How do we get there?

This is going to be hugely bc-breaking so it will have to go through prototyping + deprecation message (0.2.0, a bit later this year) -> deprecation + possibility of using the old feature (0.3.0, early 2024) -> total deprecation (0.4.0, somewhere in 2024). I expect the speedup to bring the envs closer to par with gym in terms of rollout and bring the data collection using collector at a superior speed than all other regular loops when executed on device (across sync and async).

I will open a PoC soon, hoping to get some feedback!

cc @smorad @matteobettini @shagunsodhani

Thanks for reporting this! We appreciate the feedback.

The results of the paper were obtained using collectors, not parallel envs. I will be posting the code shortly for reproducibility. See this discussion for more context.

Also, I see that you’re using the latest stable version of the library (which is good!). You’ll be happy to know that we’ve speeded up a bunch of operations in tensordict and vectorized envs and the nightly releases of tensordict and torchrl should give you better results.
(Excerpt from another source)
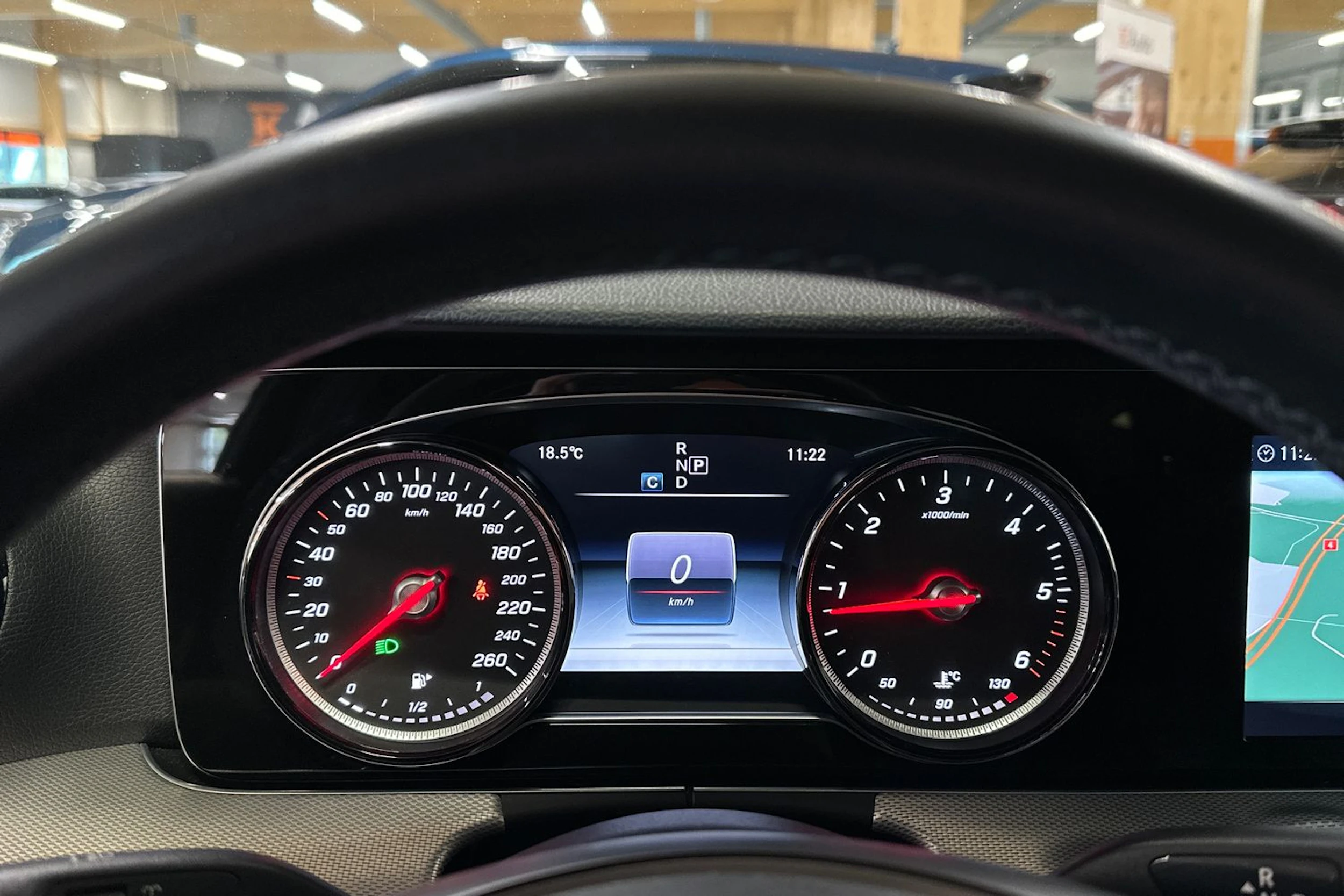 harmaa Mercedes-Benz E 2017 kuva 21.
There are other optimizations we can do so I’m confident we can accelerate things even more.

Executing a slightly modified version of the code above, on my McBook I get to a speed for TorchRL that is 2x slower than the gym one. The overhead is mainly caused by tensordict operations.

However, using the config we had in the paper (mainly 32 procs instead of 8 and more cuda devices used for passing data from one proc to another), I get to a speed of 8k fps as reported in the paper. When using 4 parallel envs / collector and 8 collectors, I get to a speed of 16k fps.

I will keep on updating this post and related as we optimize things further.